The biggest game to hit stores this summer is without a doubt Blizzard’s latest creation and sequel to the 1998 original hit, Starcraft 2: Wings of Liberty. I got a chance to play through each of the facets of this behemoth of a game and this is what I have to say about it.
For the uninitiated, Starcraft 2 is a real-time strategy game based on a science fiction universe. That means that you have complete control over the logistical and tactical aspects of an army of futuristic humans (Terrans), super advanced aliens with incredible technology (Protoss), or brutal monsters the likes of which some of your nightmares have never seen (Zerg). At any given point in time, you might be controlling anywhere from one to one hundred units while managing one or more home bases, including resource gathering, construction, unit building, and technology/upgrade research. As the genre name implies, this all happens in real-time, as opposed to in a turn-based environment.
Single Player Bliss
The core of the initial Starcraft 2 experience is in the single player campaign. In Wings of Liberty, this is only the Terran campaign, following the human hero Jim Raynor as he simultaneously attempts to lead a rebellion against tyrant dictator Arcturus Mengsk and redeem the once-lover-now-Zerg-queen Sarah Kerrigan. The storyline is fairly one-dimensional and the dialogue is very straightforward, but the presentation of each is phenomenal. The cinematic quality and voice acting are both evidence that Blizzard needs to make movies, not just video games, as there are big budget Hollywood pictures that could certainly learn a thing or two from Blizzard’s presentation of the Starcraft 2 epic.

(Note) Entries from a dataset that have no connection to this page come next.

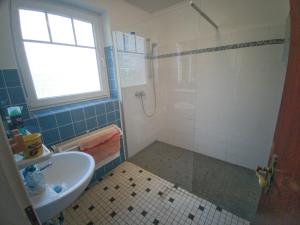 a bathroom with a shower and a sink at Gästehaus Tiedemann in Borsfleth +6 photos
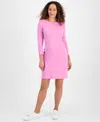 Style & Co Petite Cotton Boat-neck Dress, Exclusively At Macy's In Sugar Plum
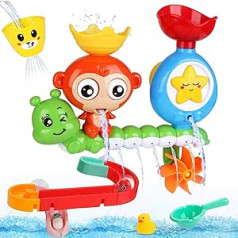 Bblike Bath Toy for Babies, Children’s Water Shower Bath Toy with Building Puzzle, Car Racing Track, 14 Pieces, Toys for Children from 18 Months+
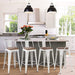 Swivel Counter Height Barstools with Wooden Seat, Set of 4, Distressed White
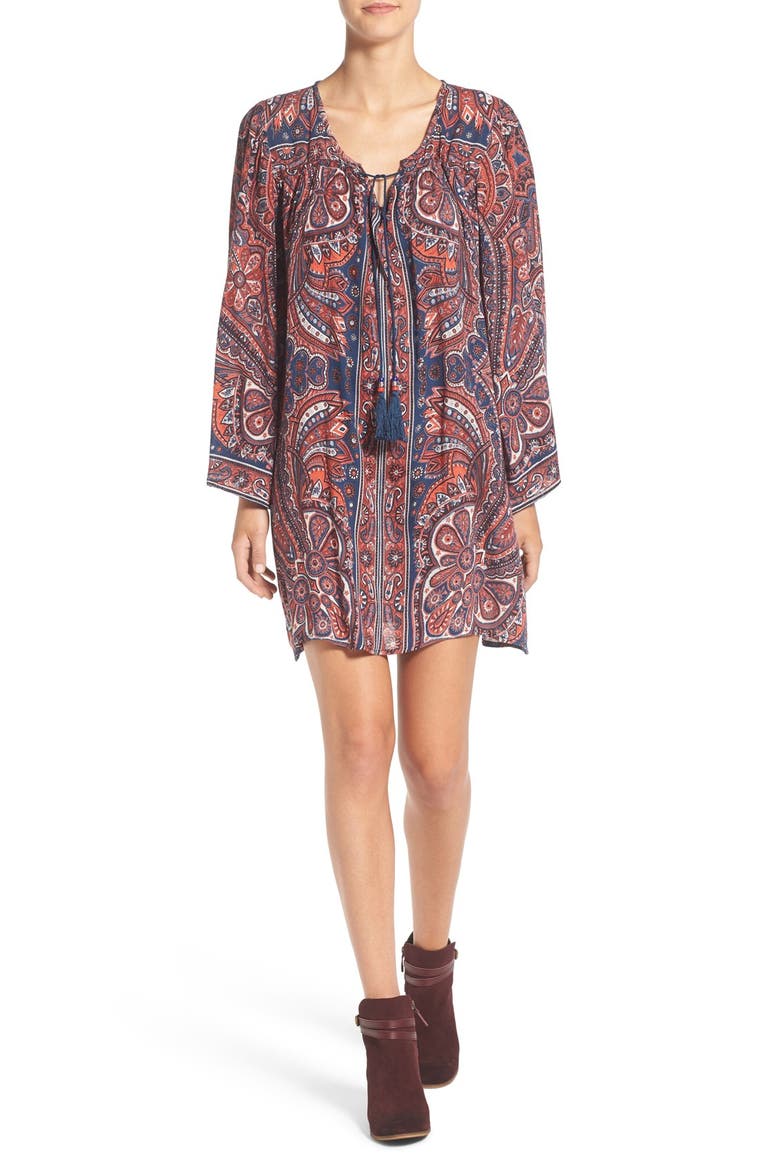 Print Shift Dress, Main, color, INDIGO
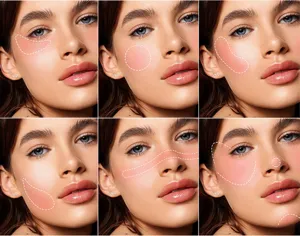 Liquid blush makeup guide detail showing various application styles and blending techniques.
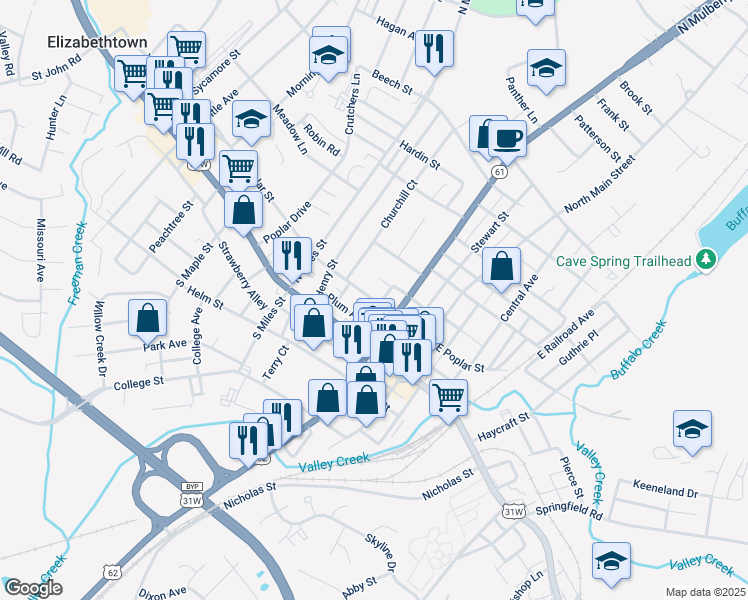 map of restaurants, bars, coffee shops, grocery stores, and more near 218 West Poplar Street in Elizabethtown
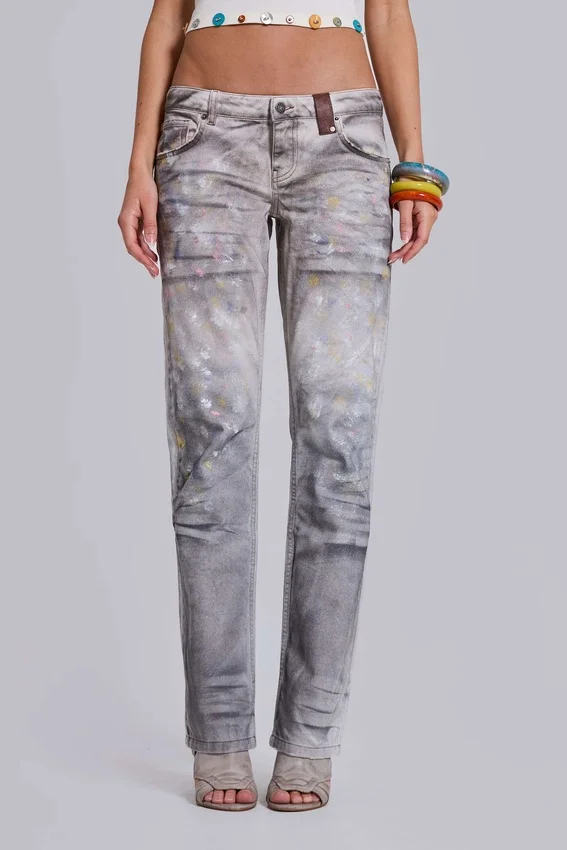 Rider Low Rise Straight Leg Jeans in Painter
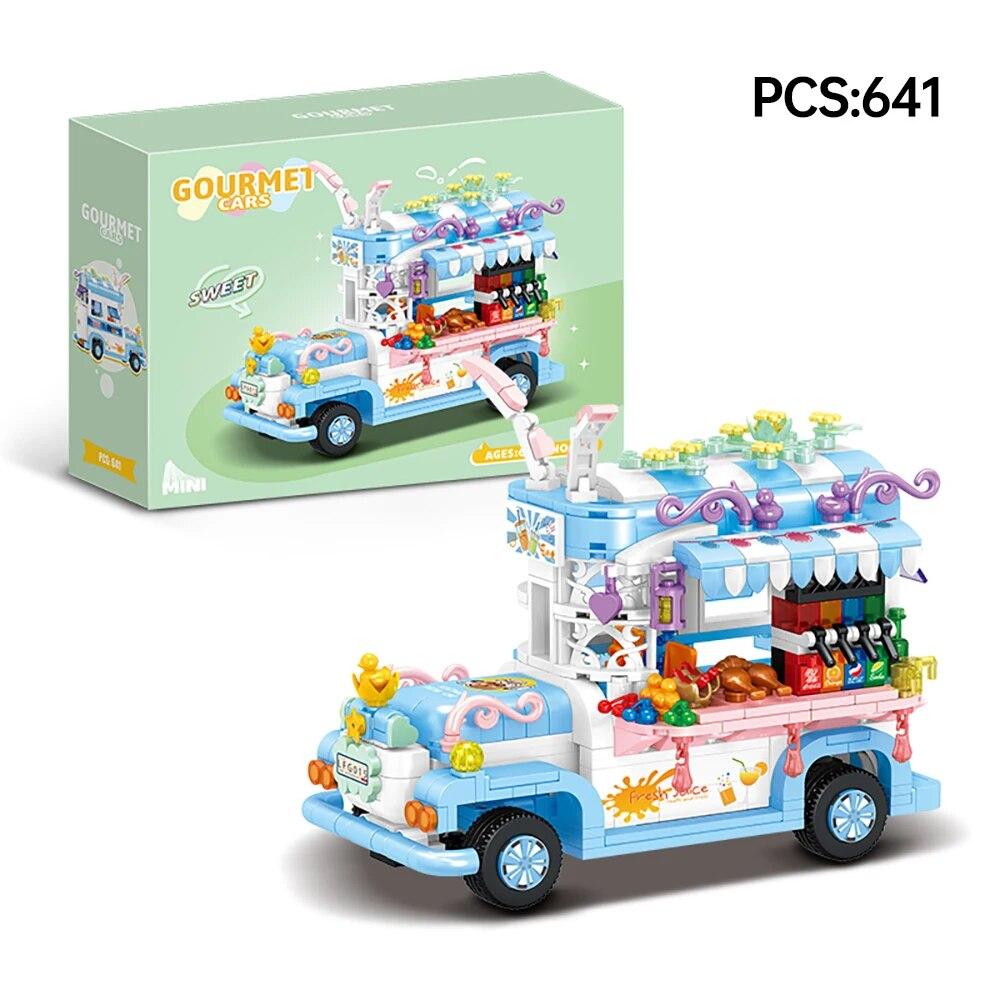 ToylinX 641PCS Building Blocks Mini Car Ice Cream Truck Model, Street View Series Christmas Xmas Best Gift for Girls with Box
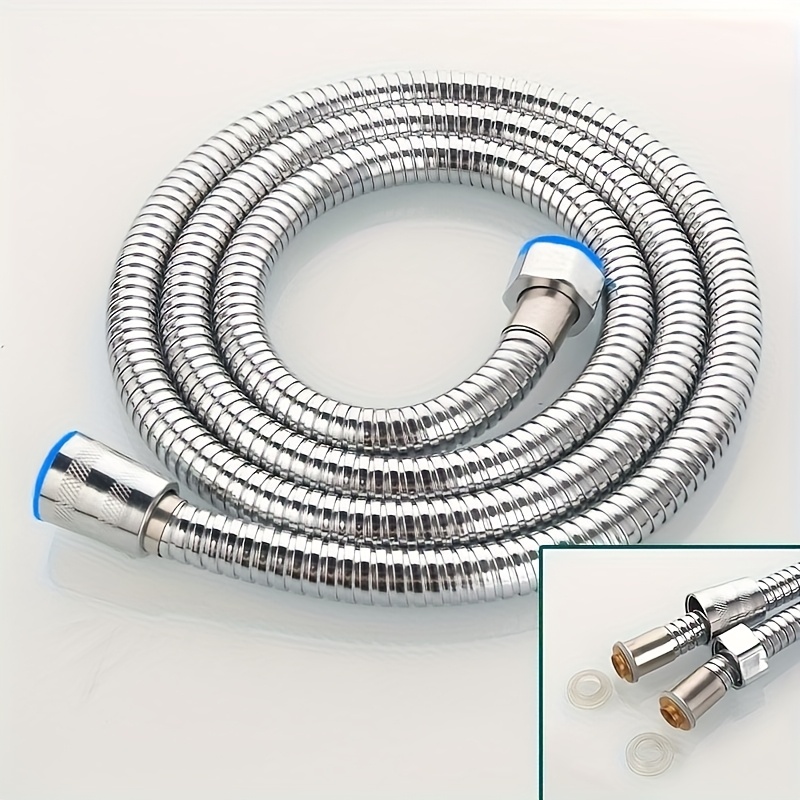 TEMU 2m/78.74in Long Stainless Steel Shower Hose | Extra Long Handheld Shower Head Hose, Universal 1/2in Interface, Suitable For Shower Use, Control,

Speaking of presentation, the visual aspect of Starcraft 2 is wonderful. Battles feature dozens of units or more at once, creating scenes rife with gunfire, explosions, flashing lasers, pulsing energy shields, and everything else that you would imagine happens when three science fiction races clash in combat. There’s enough graphical mayhem to slow down my 2008 Macbook Pro on even the middle settings, but it definitely looks more appealing the more your rig can handle.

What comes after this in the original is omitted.